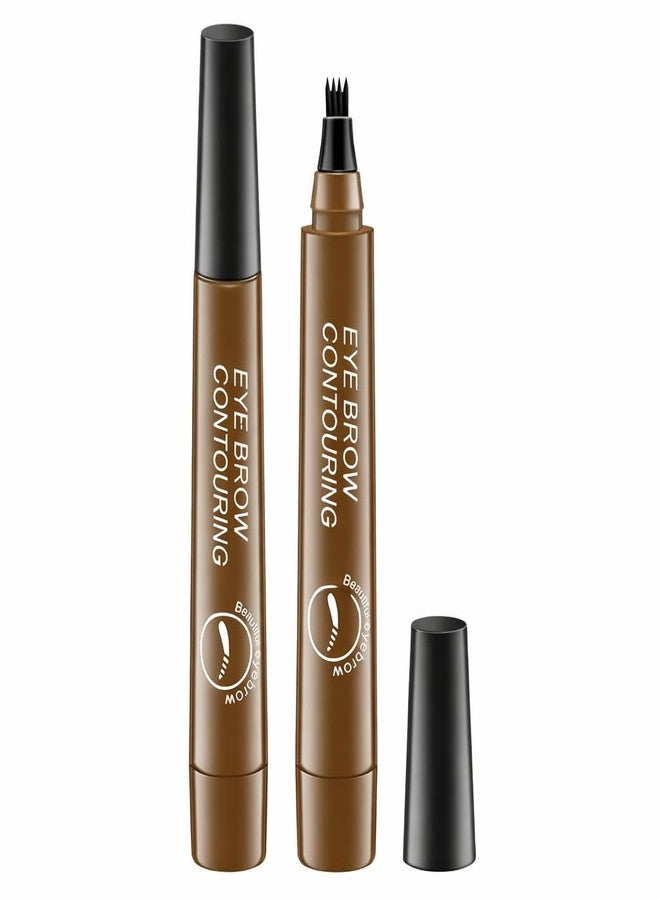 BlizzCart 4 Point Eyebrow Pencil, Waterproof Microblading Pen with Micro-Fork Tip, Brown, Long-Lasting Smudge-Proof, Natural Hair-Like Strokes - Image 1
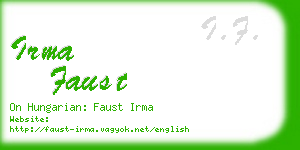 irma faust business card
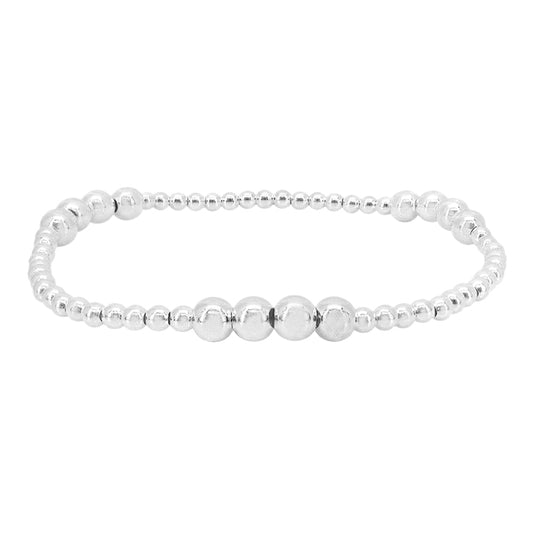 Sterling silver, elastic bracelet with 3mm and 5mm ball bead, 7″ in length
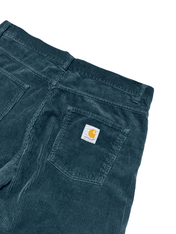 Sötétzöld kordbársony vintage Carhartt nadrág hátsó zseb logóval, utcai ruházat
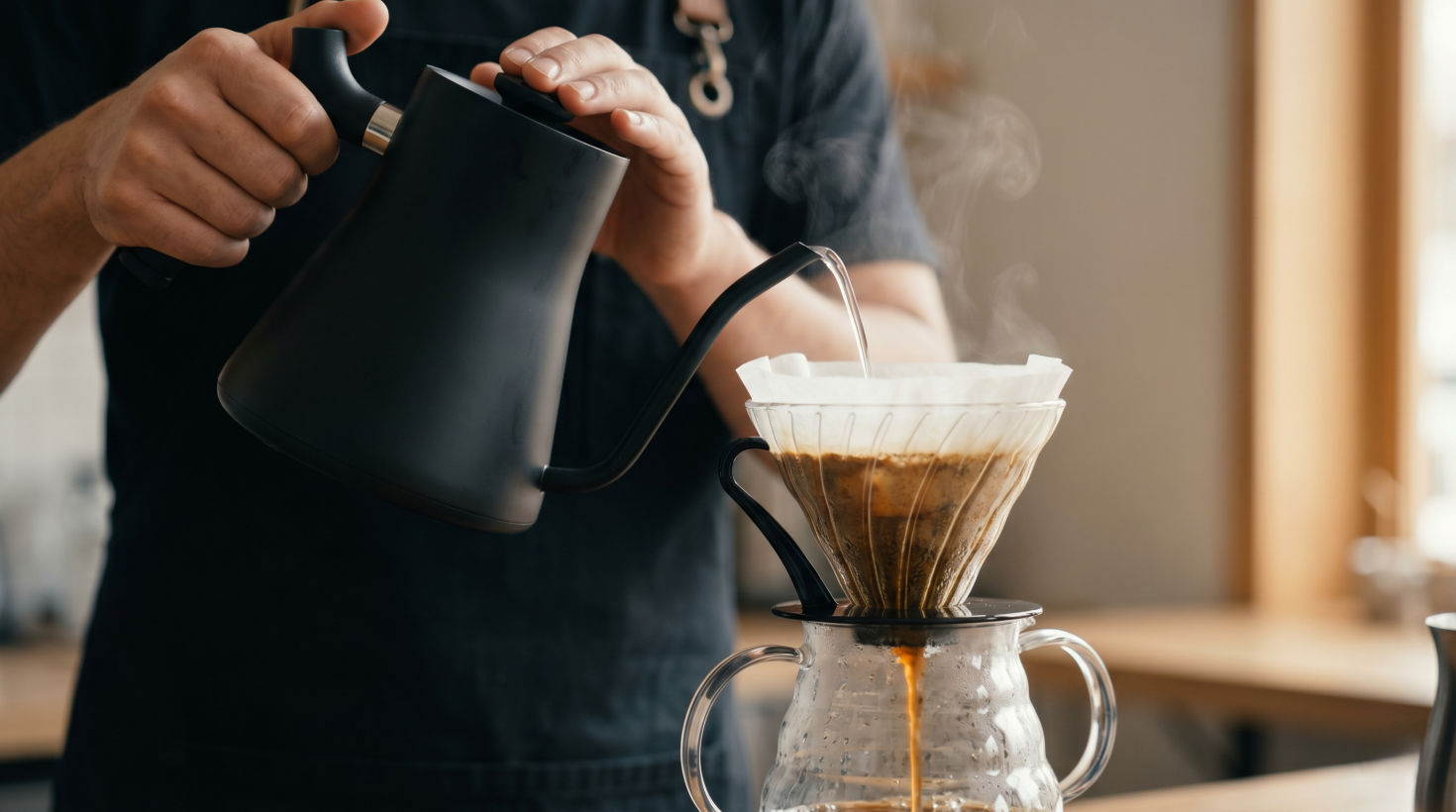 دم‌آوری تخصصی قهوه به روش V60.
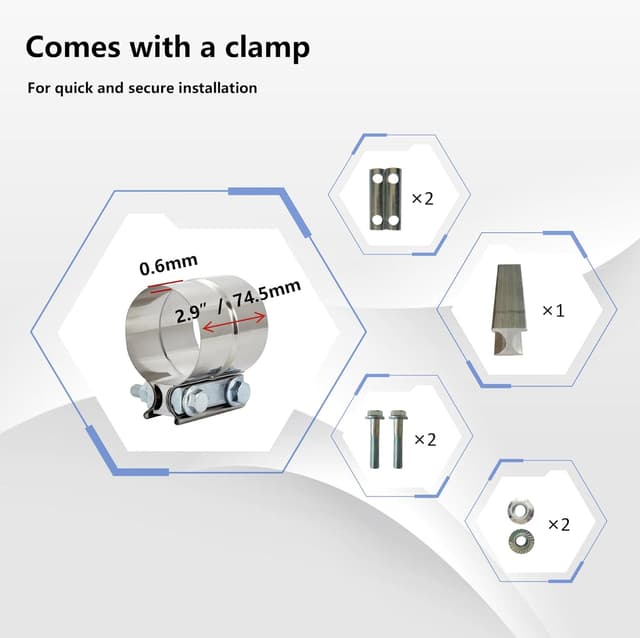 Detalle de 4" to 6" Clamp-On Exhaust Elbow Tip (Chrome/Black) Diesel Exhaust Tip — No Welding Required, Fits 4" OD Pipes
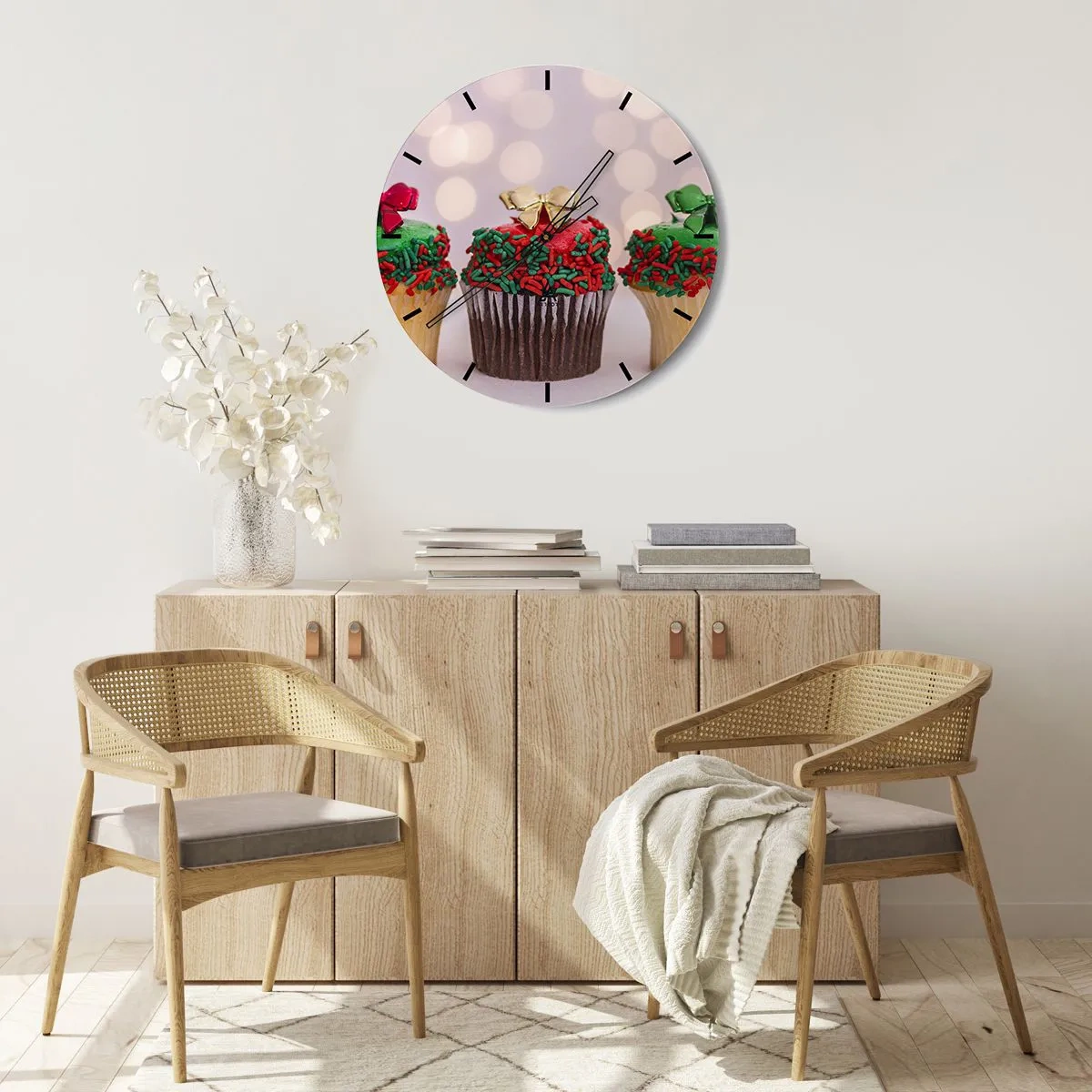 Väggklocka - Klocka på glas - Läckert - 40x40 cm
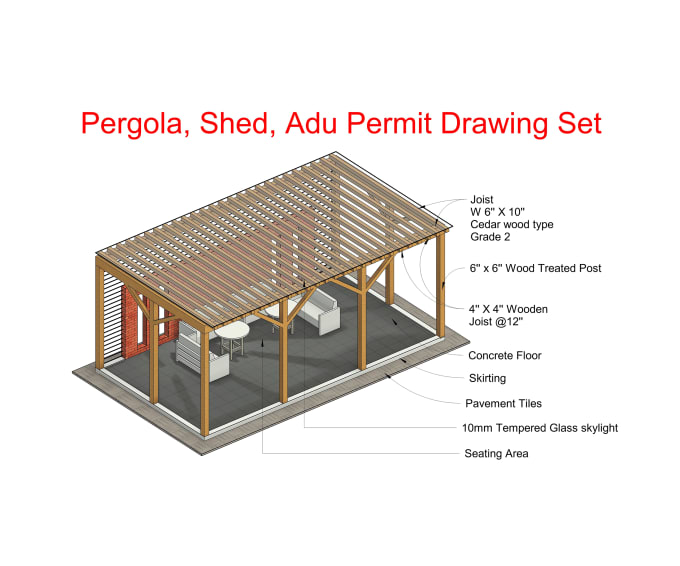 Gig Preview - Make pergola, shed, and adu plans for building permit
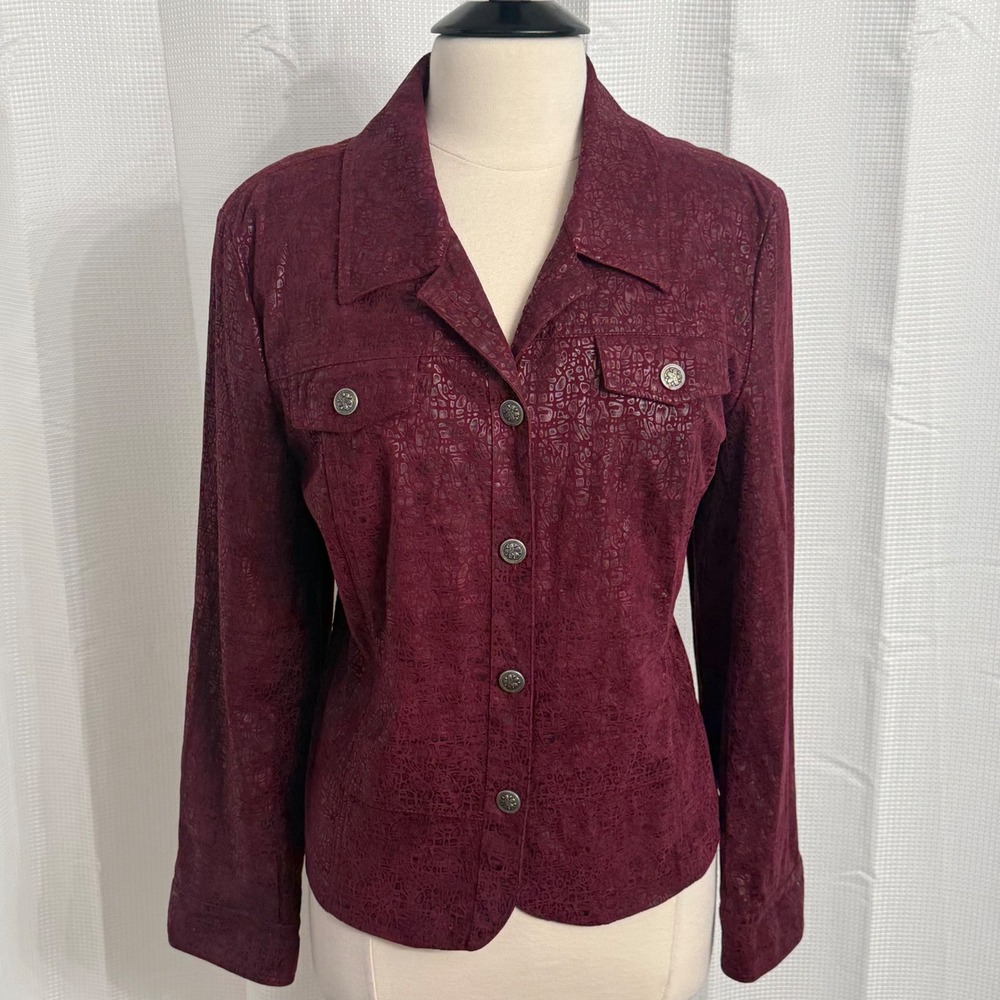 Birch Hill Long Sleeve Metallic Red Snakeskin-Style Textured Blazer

+ + + + + + +

▶ Activity:
Across the whole listing, reproduce each line verbatim and exclude every picture.

▶ Finished task:
 BlizzCart 4 Point Eyebrow Pencil, Waterproof Microblading Pen with Micro-Fork Tip, Brown, Long-Lasting Smudge-Proof, Natural Hair-Like Strokes - Image 1
 irma faust business card
 Sterling silver, elastic bracelet with 3mm and 5mm ball bead, 7″ in length
 Sötétzöld kordbársony vintage Carhartt nadrág hátsó zseb logóval, utcai ruházat
 دم‌آوری تخصصی قهوه به روش V60.
 Detalle de 4" to 6" Clamp-On Exhaust Elbow Tip (Chrome/Black) Diesel Exhaust Tip — No Welding Required, Fits 4" OD Pipes
 Väggklocka - Klocka på glas - Läckert - 40x40 cm
 Gig Preview - Make pergola, shed, and adu plans for building permit
 Birch Hill Long Sleeve Metallic Red Snakeskin-Style Textured Blazer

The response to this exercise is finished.